* **Record extracts**:
====
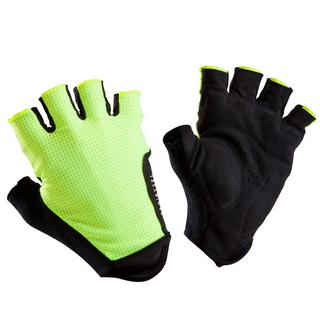 VAN RYSEL  Handschuhe - ROADR 500 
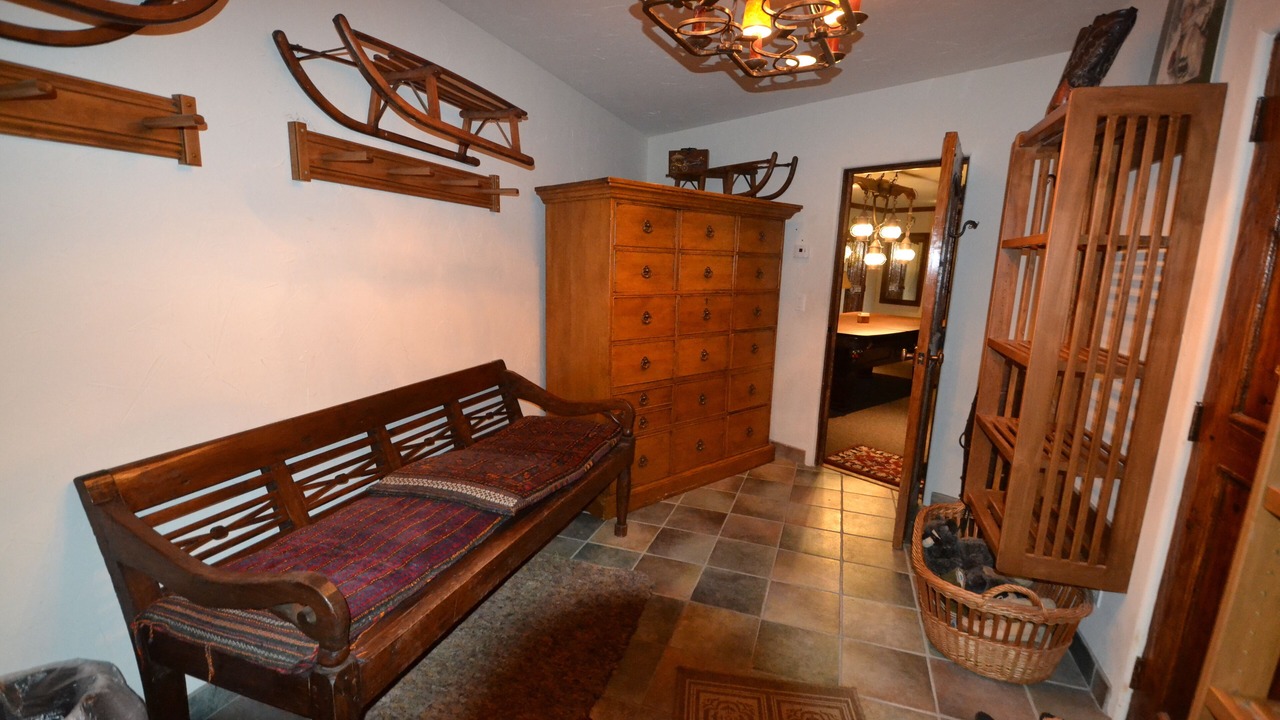 Photo of Others in New Meadows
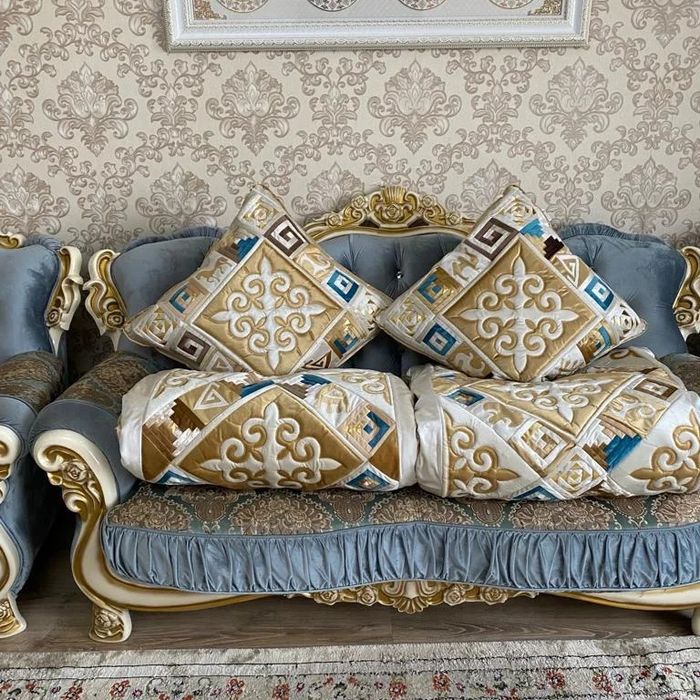 Сырға салу, қыз жасауы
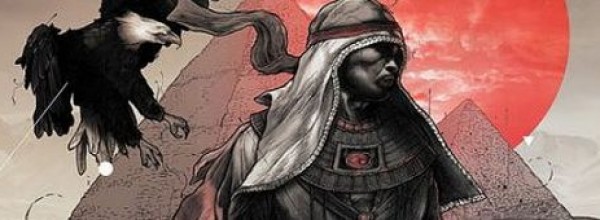 Assassin's Creed 3 rumoreggiato in Egitto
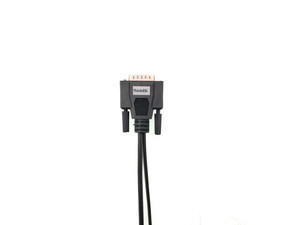 תקע ולשחק לא חיווט acm2.1 d48cbb02 ecu כבל ספסל עבור mcedes בנץ עבודה משאית עם K-TAG/K-T-200 וכו 'כלי ecu - Product Image 2
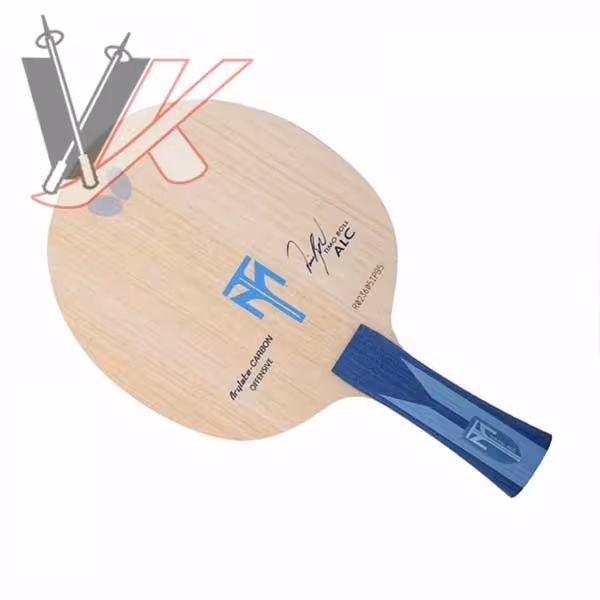 چوب راکت باتر فلای مدل تیموبول ALC کد 2004027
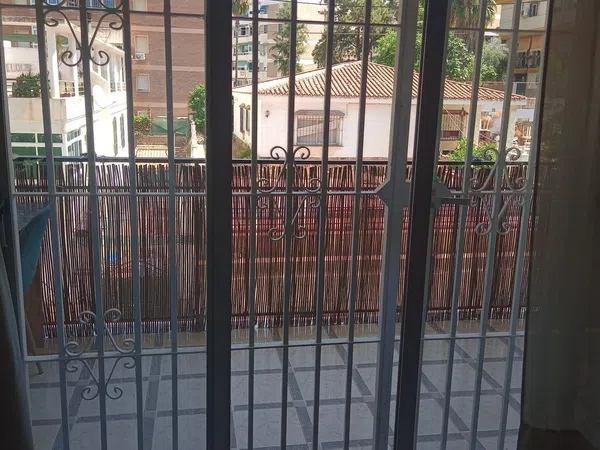 Piso en Calle Moscatel, 6, Cortijo Bazán - Los Casinis - Los Cipreses - Foto 5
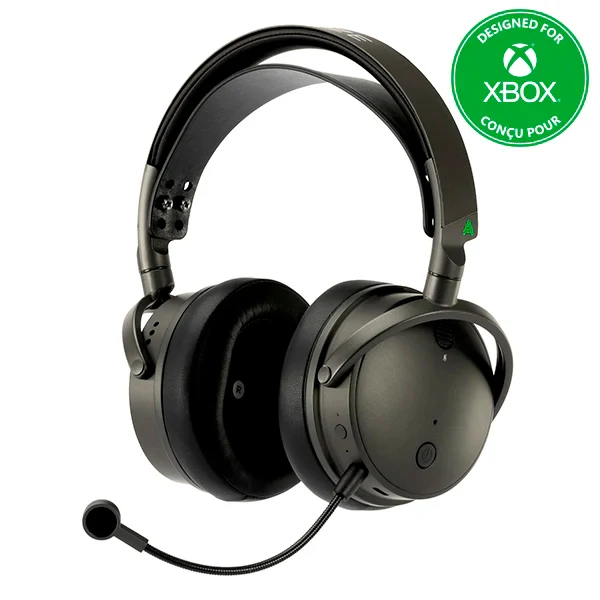 AUDEZE MAXWELL
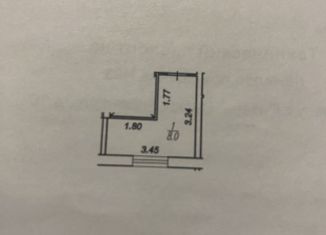 Продаю гараж, 10 м2, Рязанская область, Васильевская улица, 10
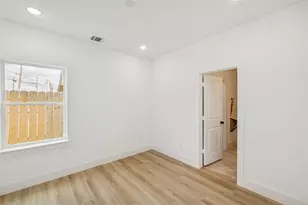111 Milby St A, Houston, TX 77003 - Photo 4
====
* **Problem details**: Write out exactly the stretch of lines that begins with the line containing "תקע ולשחק לא" and ends with the last line of the records above, leaving out the pictures.

* **Exercise output**:
 תקע ולשחק לא חיווט acm2.1 d48cbb02 ecu כבל ספסל עבור mcedes בנץ עבודה משאית עם K-TAG/K-T-200 וכו 'כלי ecu - Product Image 2
 چوب راکت باتر فلای مدل تیموبول ALC کد 2004027
 Piso en Calle Moscatel, 6, Cortijo Bazán - Los Casinis - Los Cipreses - Foto 5
 AUDEZE MAXWELL
 Продаю гараж, 10 м2, Рязанская область, Васильевская улица, 10
111 Milby St A, Houston, TX 77003 - Photo 4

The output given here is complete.